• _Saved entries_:
*** Begin section ***
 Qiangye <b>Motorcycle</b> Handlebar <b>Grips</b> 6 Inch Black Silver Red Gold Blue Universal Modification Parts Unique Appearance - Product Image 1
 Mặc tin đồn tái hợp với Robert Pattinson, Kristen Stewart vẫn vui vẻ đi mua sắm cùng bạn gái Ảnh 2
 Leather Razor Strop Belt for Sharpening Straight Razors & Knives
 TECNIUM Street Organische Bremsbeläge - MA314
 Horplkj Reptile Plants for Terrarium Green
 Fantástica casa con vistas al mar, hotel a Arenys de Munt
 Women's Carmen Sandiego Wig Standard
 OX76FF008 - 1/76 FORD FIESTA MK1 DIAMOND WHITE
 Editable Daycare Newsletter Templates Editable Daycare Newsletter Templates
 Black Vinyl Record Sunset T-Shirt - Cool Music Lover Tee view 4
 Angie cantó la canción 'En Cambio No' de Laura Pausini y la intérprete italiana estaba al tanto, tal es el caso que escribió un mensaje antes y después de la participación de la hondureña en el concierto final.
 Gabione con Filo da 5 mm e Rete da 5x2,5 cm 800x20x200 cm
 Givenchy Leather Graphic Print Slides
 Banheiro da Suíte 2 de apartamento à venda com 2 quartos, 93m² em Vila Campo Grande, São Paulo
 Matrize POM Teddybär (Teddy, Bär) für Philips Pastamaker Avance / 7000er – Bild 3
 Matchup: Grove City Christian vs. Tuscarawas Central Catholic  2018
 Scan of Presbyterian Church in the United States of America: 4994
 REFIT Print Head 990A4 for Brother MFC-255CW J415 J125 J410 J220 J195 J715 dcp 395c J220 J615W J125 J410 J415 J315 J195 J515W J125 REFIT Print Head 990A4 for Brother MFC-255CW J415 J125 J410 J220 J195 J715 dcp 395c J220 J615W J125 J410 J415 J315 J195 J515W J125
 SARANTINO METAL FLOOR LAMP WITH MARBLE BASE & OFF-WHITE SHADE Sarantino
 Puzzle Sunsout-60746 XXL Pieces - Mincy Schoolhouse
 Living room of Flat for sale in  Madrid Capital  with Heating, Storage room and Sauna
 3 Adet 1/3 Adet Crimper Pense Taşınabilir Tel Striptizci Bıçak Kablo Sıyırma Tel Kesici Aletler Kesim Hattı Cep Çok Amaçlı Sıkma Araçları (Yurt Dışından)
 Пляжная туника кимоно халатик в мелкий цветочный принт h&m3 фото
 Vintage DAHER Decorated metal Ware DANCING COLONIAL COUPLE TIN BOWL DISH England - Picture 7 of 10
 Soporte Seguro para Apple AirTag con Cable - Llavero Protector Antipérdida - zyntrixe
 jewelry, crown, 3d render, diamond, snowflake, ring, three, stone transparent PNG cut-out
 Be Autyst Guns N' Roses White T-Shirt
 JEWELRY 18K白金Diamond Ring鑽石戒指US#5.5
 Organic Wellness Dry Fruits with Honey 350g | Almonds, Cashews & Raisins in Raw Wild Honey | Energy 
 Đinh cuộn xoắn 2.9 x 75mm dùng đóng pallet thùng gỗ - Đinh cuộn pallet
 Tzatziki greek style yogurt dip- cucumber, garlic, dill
*** End section ***
• _TASK DIRECTIONS_: Restate every record verbatim.

• _WRITTEN REPLY_:
 Qiangye <b>Motorcycle</b> Handlebar <b>Grips</b> 6 Inch Black Silver Red Gold Blue Universal Modification Parts Unique Appearance - Product Image 1
 Mặc tin đồn tái hợp với Robert Pattinson, Kristen Stewart vẫn vui vẻ đi mua sắm cùng bạn gái Ảnh 2
 Leather Razor Strop Belt for Sharpening Straight Razors & Knives
 TECNIUM Street Organische Bremsbeläge - MA314
 Horplkj Reptile Plants for Terrarium Green
 Fantástica casa con vistas al mar, hotel a Arenys de Munt
 Women's Carmen Sandiego Wig Standard
 OX76FF008 - 1/76 FORD FIESTA MK1 DIAMOND WHITE
 Editable Daycare Newsletter Templates Editable Daycare Newsletter Templates
 Black Vinyl Record Sunset T-Shirt - Cool Music Lover Tee view 4
 Angie cantó la canción 'En Cambio No' de Laura Pausini y la intérprete italiana estaba al tanto, tal es el caso que escribió un mensaje antes y después de la participación de la hondureña en el concierto final.
 Gabione con Filo da 5 mm e Rete da 5x2,5 cm 800x20x200 cm
 Givenchy Leather Graphic Print Slides
 Banheiro da Suíte 2 de apartamento à venda com 2 quartos, 93m² em Vila Campo Grande, São Paulo
 Matrize POM Teddybär (Teddy, Bär) für Philips Pastamaker Avance / 7000er – Bild 3
 Matchup: Grove City Christian vs. Tuscarawas Central Catholic  2018
 Scan of Presbyterian Church in the United States of America: 4994
 REFIT Print Head 990A4 for Brother MFC-255CW J415 J125 J410 J220 J195 J715 dcp 395c J220 J615W J125 J410 J415 J315 J195 J515W J125 REFIT Print Head 990A4 for Brother MFC-255CW J415 J125 J410 J220 J195 J715 dcp 395c J220 J615W J125 J410 J415 J315 J195 J515W J125
 SARANTINO METAL FLOOR LAMP WITH MARBLE BASE & OFF-WHITE SHADE Sarantino
 Puzzle Sunsout-60746 XXL Pieces - Mincy Schoolhouse
 Living room of Flat for sale in  Madrid Capital  with Heating, Storage room and Sauna
 3 Adet 1/3 Adet Crimper Pense Taşınabilir Tel Striptizci Bıçak Kablo Sıyırma Tel Kesici Aletler Kesim Hattı Cep Çok Amaçlı Sıkma Araçları (Yurt Dışından)
 Пляжная туника кимоно халатик в мелкий цветочный принт h&m3 фото
 Vintage DAHER Decorated metal Ware DANCING COLONIAL COUPLE TIN BOWL DISH England - Picture 7 of 10
 Soporte Seguro para Apple AirTag con Cable - Llavero Protector Antipérdida - zyntrixe
 jewelry, crown, 3d render, diamond, snowflake, ring, three, stone transparent PNG cut-out
 Be Autyst Guns N' Roses White T-Shirt
 JEWELRY 18K白金Diamond Ring鑽石戒指US#5.5
 Organic Wellness Dry Fruits with Honey 350g | Almonds, Cashews & Raisins in Raw Wild Honey | Energy 
 Đinh cuộn xoắn 2.9 x 75mm dùng đóng pallet thùng gỗ - Đinh cuộn pallet
 Tzatziki greek style yogurt dip- cucumber, garlic, dill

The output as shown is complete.